The words ‘drought’ and ‘Great Britain’ don’t normally meet that often. ‘Rain’ and ‘Great Britain’, now that’s a different matter, and we have various phrases to describe it, my favourite one being what the Irish call ‘a soft day’, where the drizzle comes down in gentle wind-teased folds that mean that no matter which way you point your umbrella you’re always going to return from a walk soaking wet.
However, at the start of the year this country was indeed going through a drought. A bad one too. We had our second almost-dry winter on the trot, punctuated by a dry, albeit very cloudy and not massively warm, summer. Even when it snowed it then all thawed so fast that the ground didn’t get much of a chance to soak it up.

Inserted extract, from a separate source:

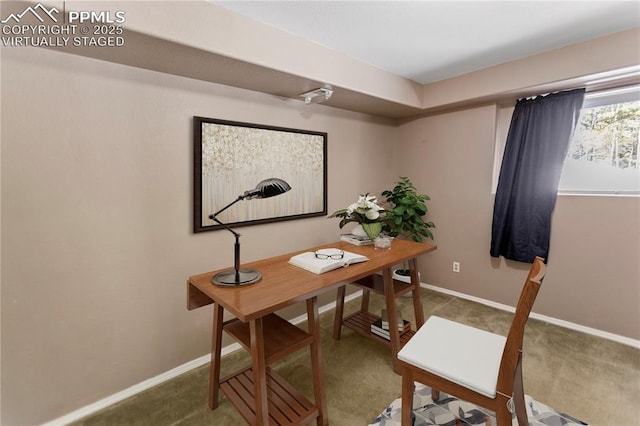 carpeted home office with baseboards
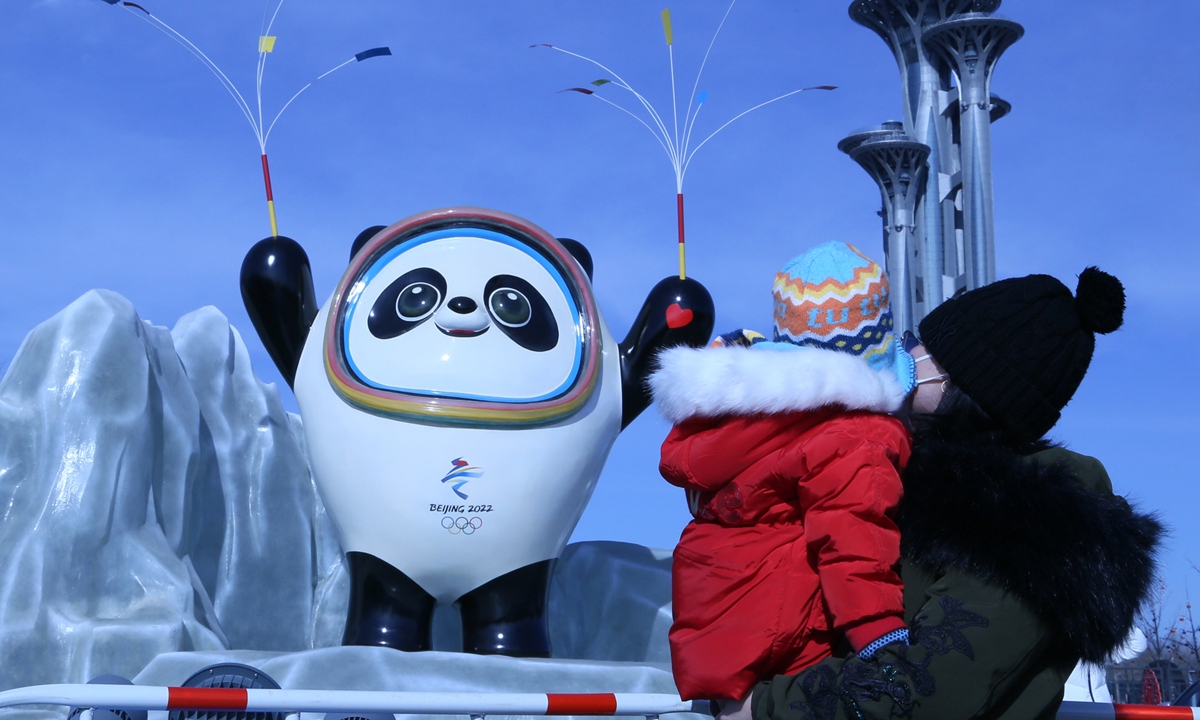 Residents in Beijing take pictures with Bing Dwen Dwen, the mascot for the Beijing 2022 Winter Olympic Games, on February 6, 2022. The cuddly mascot is currently in short supply in China and stores have restricted purchases by customers. Photo: VCG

For those of you who are not aware, we have a lot of rivers in this country. Rivers, streams, rivulets, brooks, burns, nants, the bloody things are everywhere. At the start of March this year something odd started to happen. Everything started to dry up. The aquifers were running dry. Area after area started to report low water levels. The South East, the South , the South West, the Midlands, parts of Wales, the North, even a few parts of Scotland. It was the news that Wales was in drought that shook me. Back home is full of hills and mountains that tend to suck in every rain cloud in Western Europe and siphon them dry. For Wales to be in drought, that means that the weather had gone totally twp (no that’s not a typo, go look it up. I’m in a Welsh mood today).

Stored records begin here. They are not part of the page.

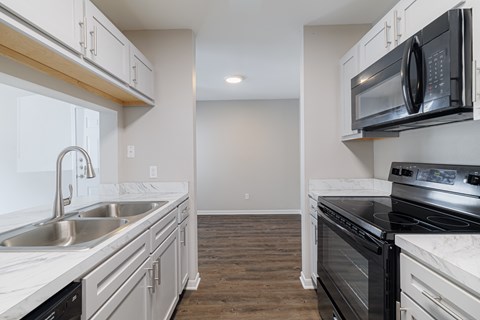 A kitchen with a black microwave oven mounted above a stove top oven.
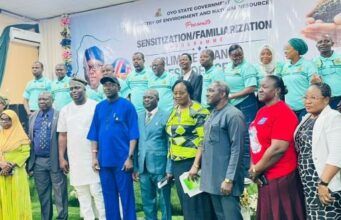 Oyo Trains Climate Change Desk Officers Across The State Group of diverse officials and attendees posing for a formal group photo indoors, with a banner and a line of people in teal uniforms visible in the background.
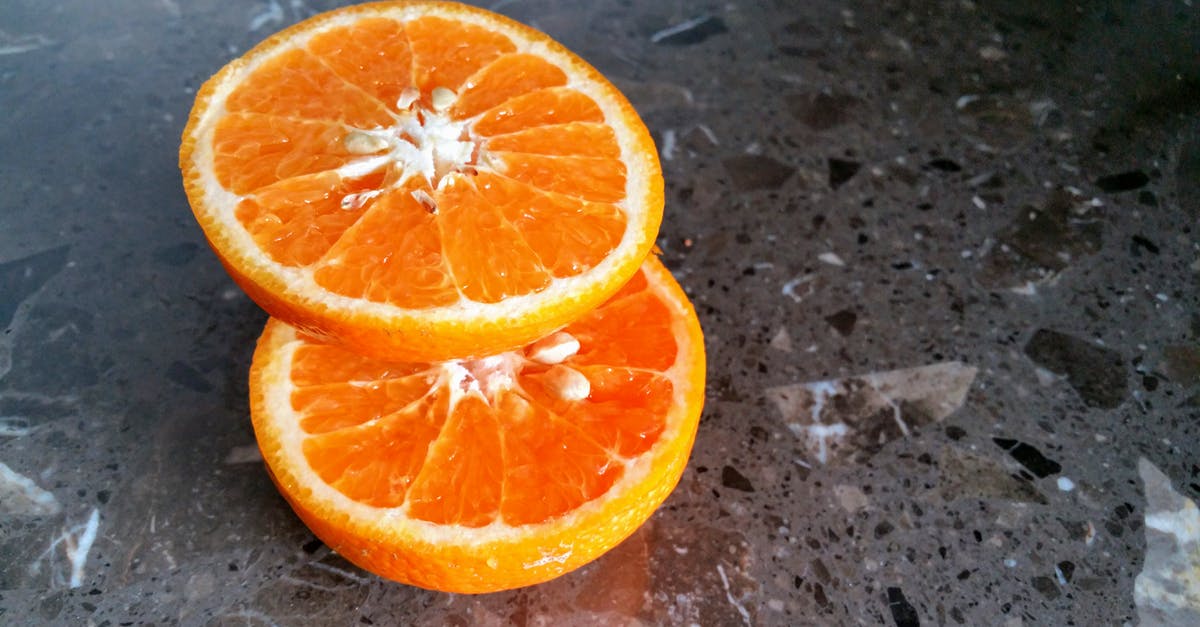 Are these vestigial seeds in a "seedless" orange? - Sliced Orange Fruit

It was, in other words, getting a bit hairy.
At this point a momentous decision was made by our water companies. Faced with a diminished water supply they did the only thing they could. The only thing that made sense. They brought in – a hosepipe ban. This was, in other words, a big deal. Using your hosepipe to wash your car or water your garden would bring down the full weight of the law. If, that is, your neighbours were squealers.
And then, as a result of this terrible edict – it started to rain. In fact, it bloody poured. April was a washout. So were large parts of May. June was the wettest since records began. July has seen floods all over the place. The stream at the bottom of the hill here has been a torrent.So there’s the answer, America. Hosepipe ban. Just be prepared for the deluge that will follow.